(Brief descriptive captions)
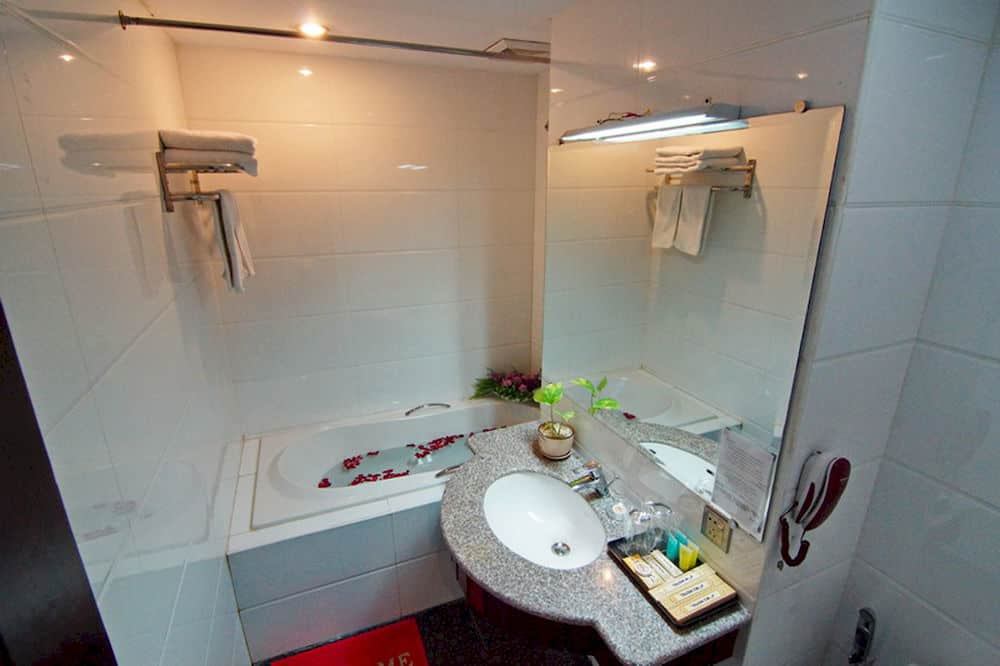 55dd2-m3-hotel-mdl-bathtub-2.jpg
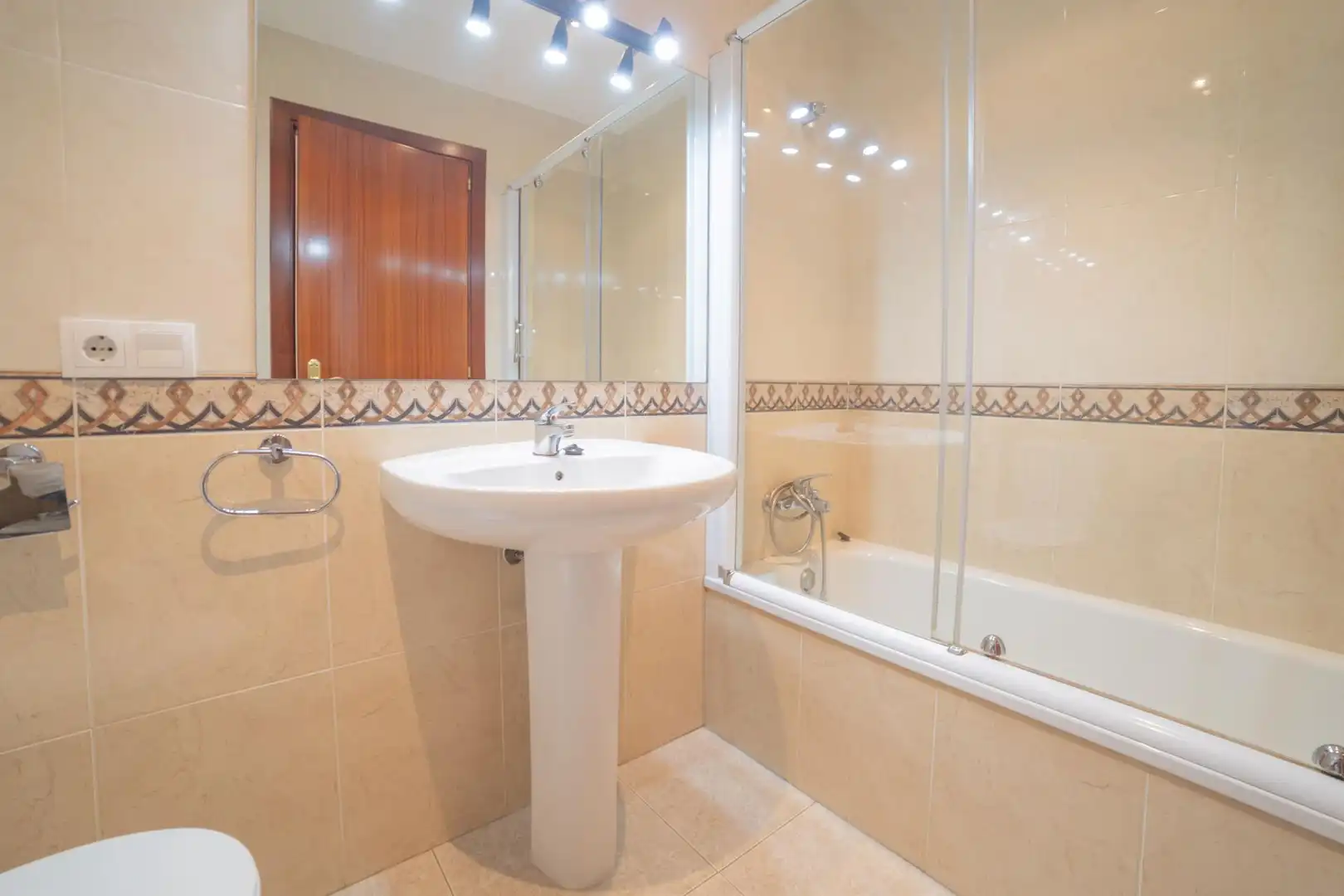 Badezimmer von Wohnung zum Verkauf in Sant Quirze de Besora mit Heizung, Terrasse und Ofen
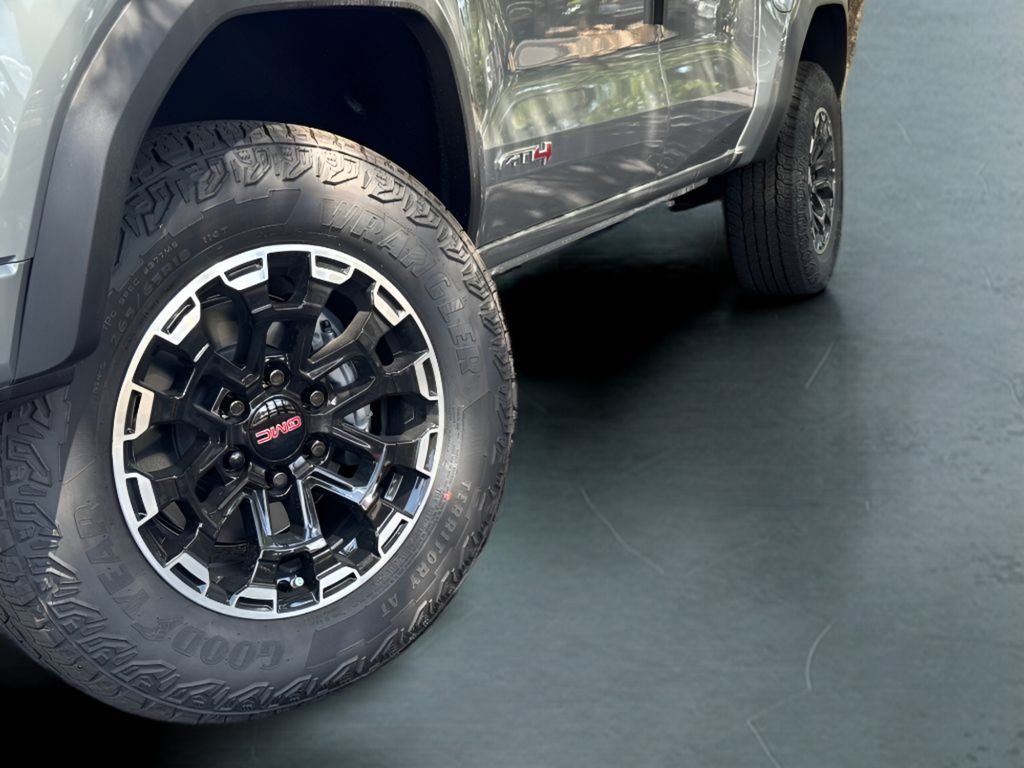 New 2026 GMC Canyon AT4 AWD/4WD image 2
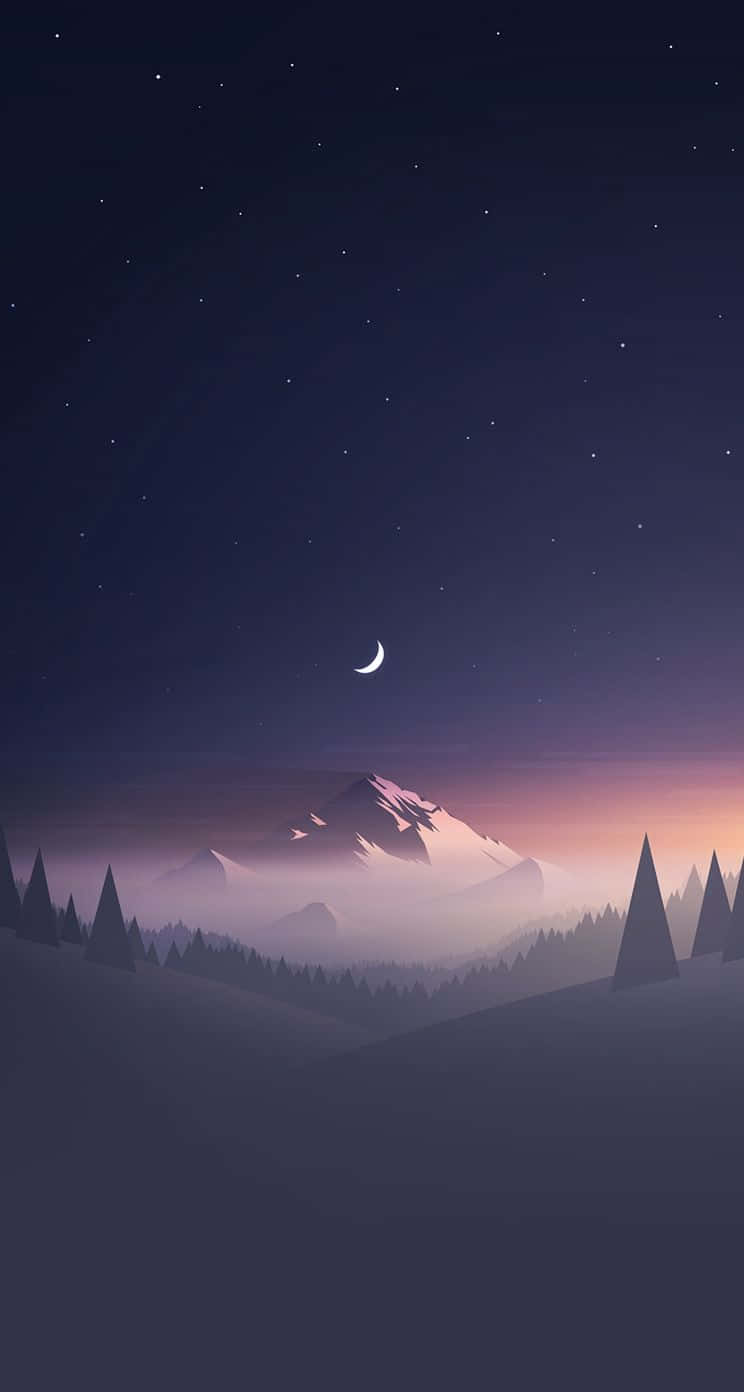 夜晚，新月和星星籠罩在霧氣繚繞的山脈和松樹之上。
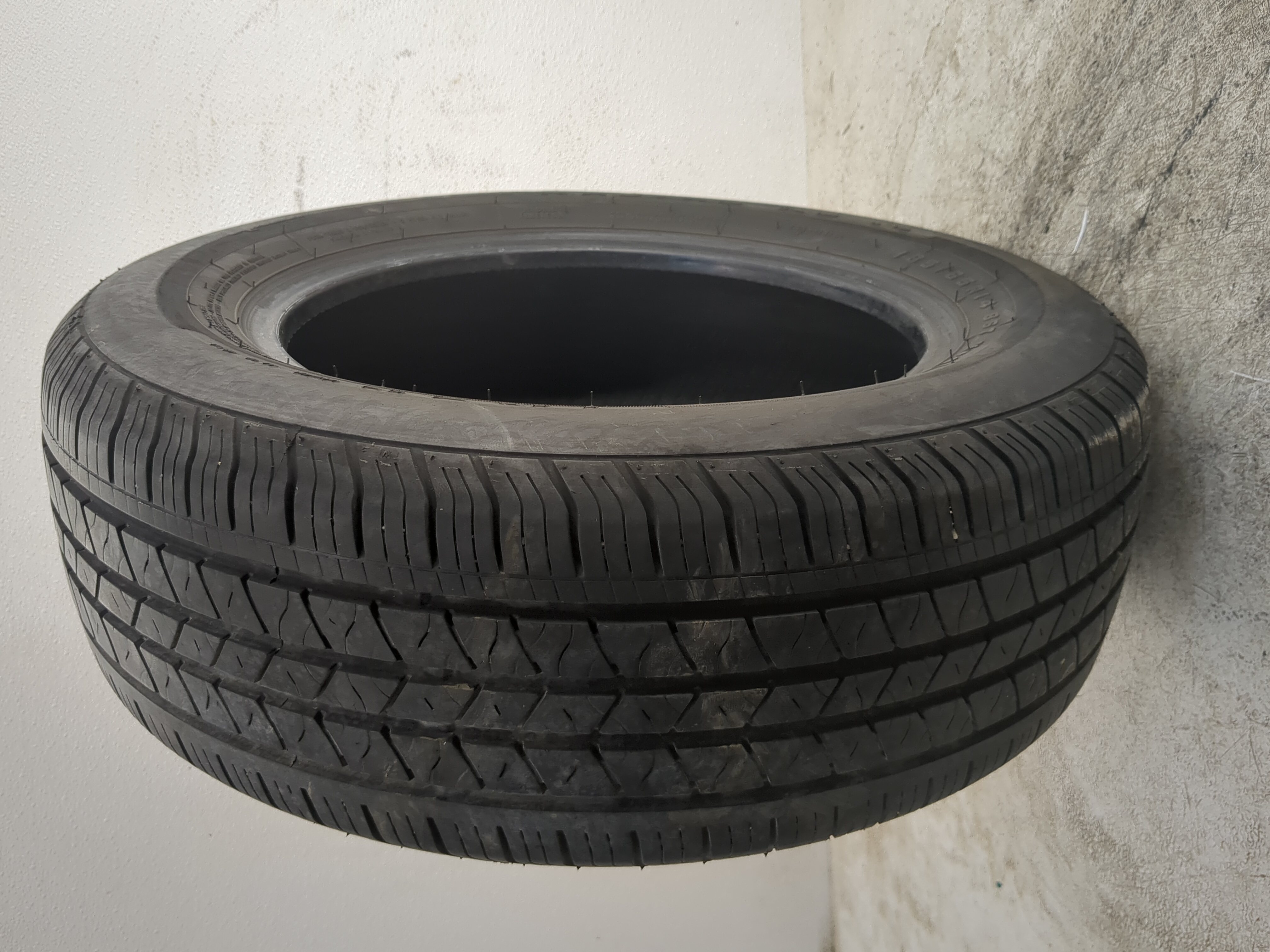 Picture of Used Tire 185/65R14 IRONMAN RADIAL RB-12 86T - Tread Depth 7/32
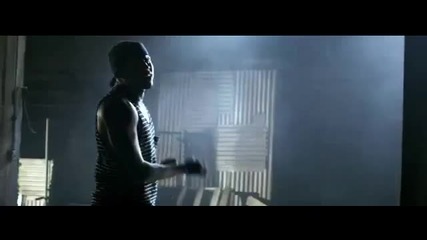 Превод ! Chris Brown Matrix 12 Strands official music video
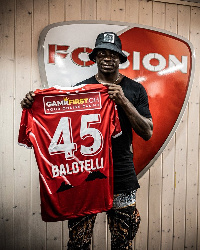 Mario Balotelli joins FC Sion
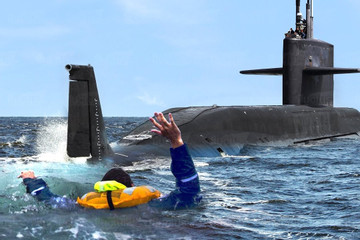 Hải quân Mỹ làm gì khi thủy thủ tàu ngầm, tàu sân bay bị rơi xuống biển?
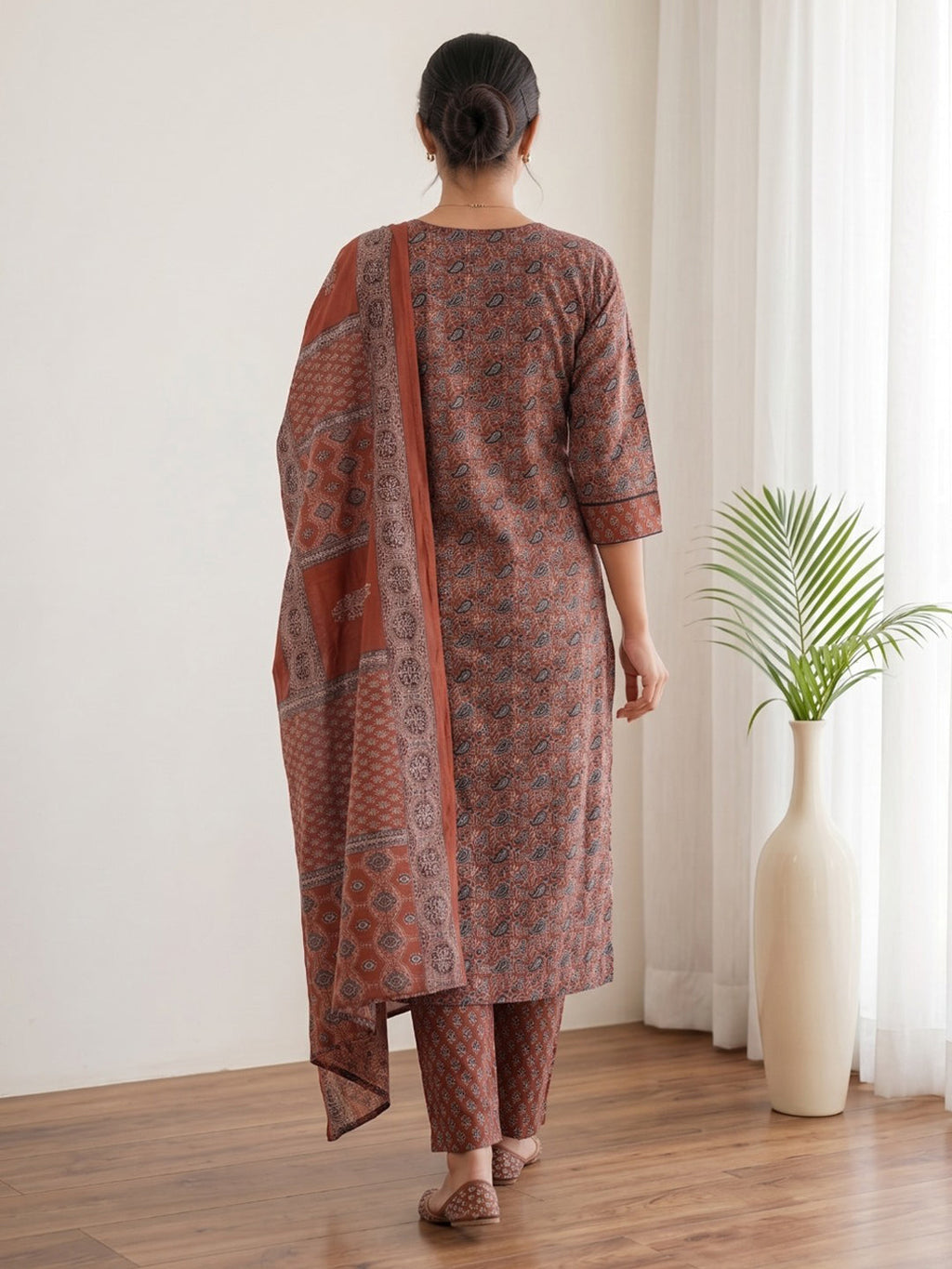 Maroon Embroidery Cotton Blend Kurta With Pant & Dupatta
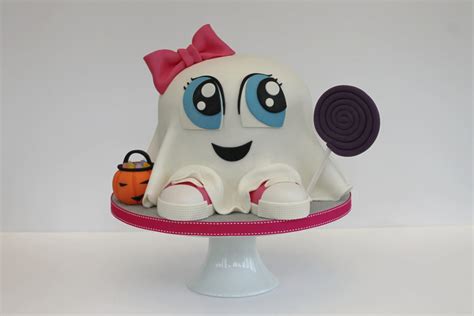 Trixie Treat Ghost Cake By Rob Baker Gall Renshaw Baking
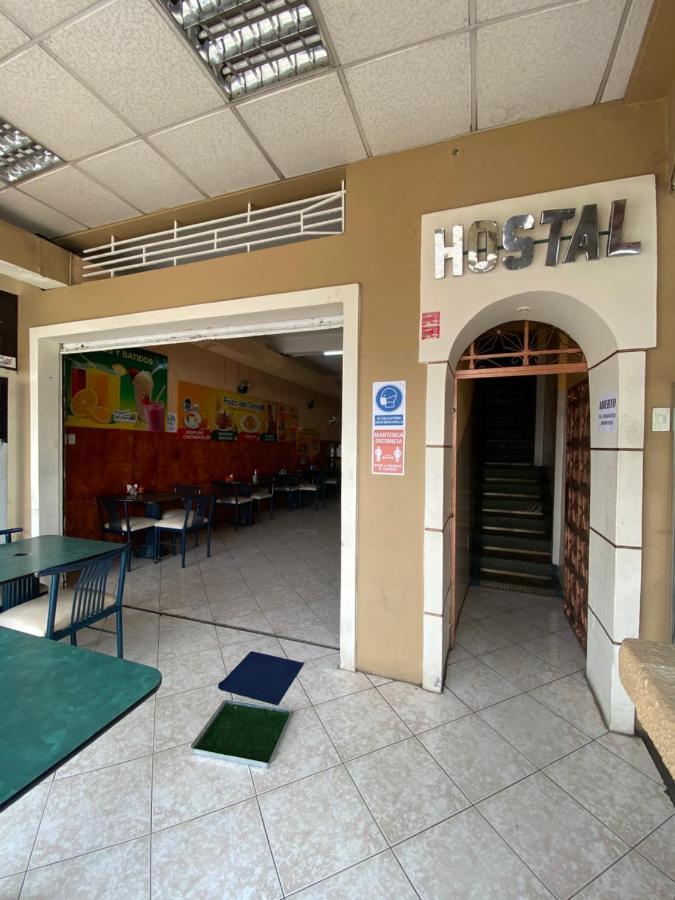 Hostal Puerto Azul Манта Екстериор снимка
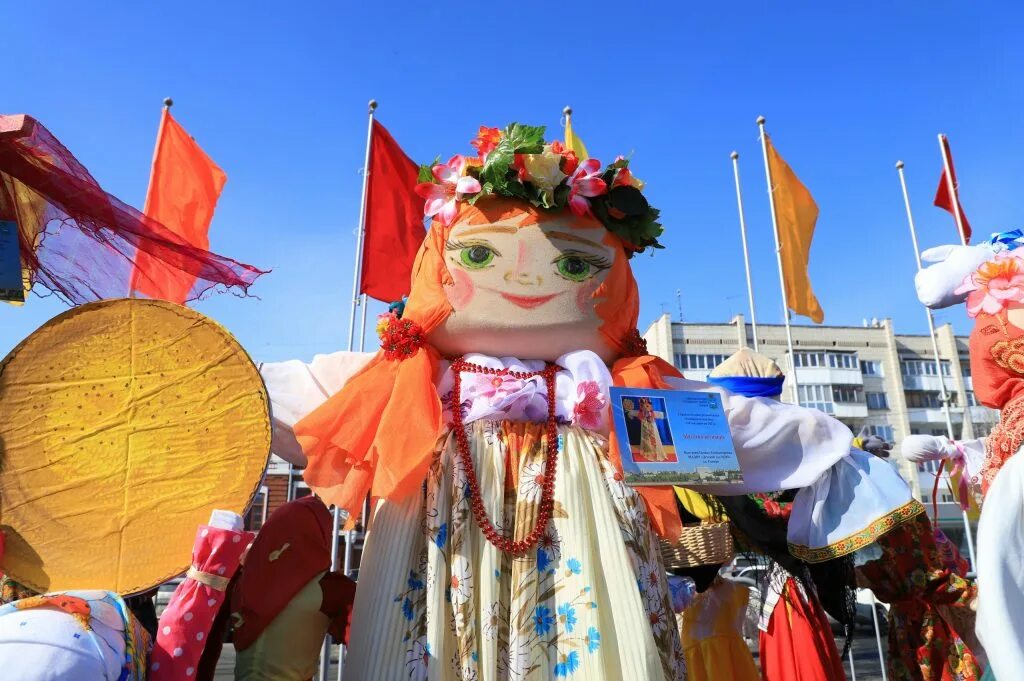 Празднование Масленицы. Празднование Масленицы на Кубани. Маски на праздник Масленица. Празднование Масленицы в Украине. Масляничная культура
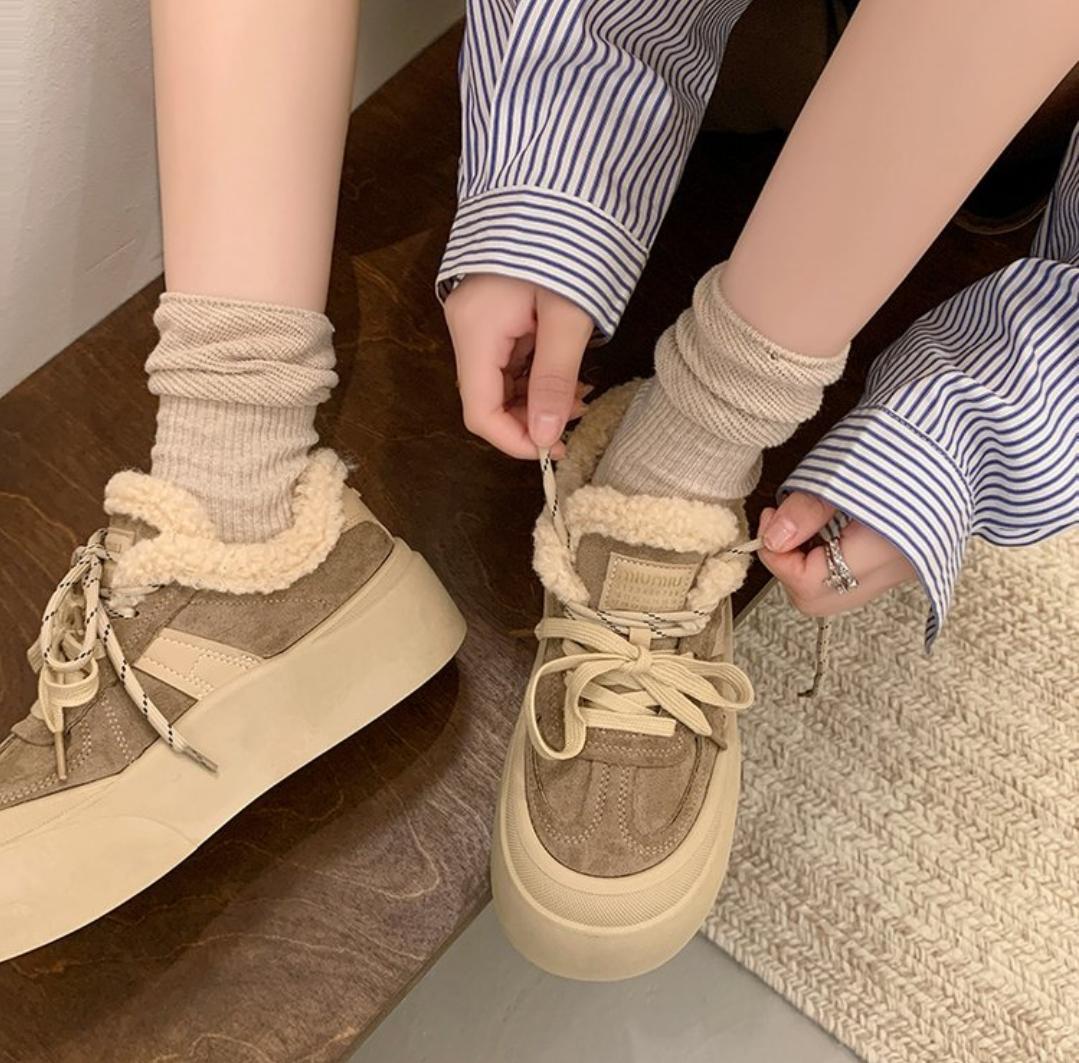 #上热门 【万达撤柜】冬季新款加绒学生板鞋女系带平底厚底圆头休闲鞋耐磨#新款女鞋 #时尚单品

● Your goal
Please give the data again in full, exactly as written, but without any images.

● Your solution
 55dd2-m3-hotel-mdl-bathtub-2.jpg
 Badezimmer von Wohnung zum Verkauf in Sant Quirze de Besora mit Heizung, Terrasse und Ofen
 New 2026 GMC Canyon AT4 AWD/4WD image 2
 夜晚，新月和星星籠罩在霧氣繚繞的山脈和松樹之上。
 Picture of Used Tire 185/65R14 IRONMAN RADIAL RB-12 86T - Tread Depth 7/32
 Превод ! Chris Brown Matrix 12 Strands official music video
 Mario Balotelli joins FC Sion
 Hải quân Mỹ làm gì khi thủy thủ tàu ngầm, tàu sân bay bị rơi xuống biển?
 Maroon Embroidery Cotton Blend Kurta With Pant & Dupatta
 Trixie Treat Ghost Cake By Rob Baker Gall Renshaw Baking
 Hostal Puerto Azul Манта Екстериор снимка
 Празднование Масленицы. Празднование Масленицы на Кубани. Маски на праздник Масленица. Празднование Масленицы в Украине. Масляничная культура
 #上热门 【万达撤柜】冬季新款加绒学生板鞋女系带平底厚底圆头休闲鞋耐磨#新款女鞋 #时尚单品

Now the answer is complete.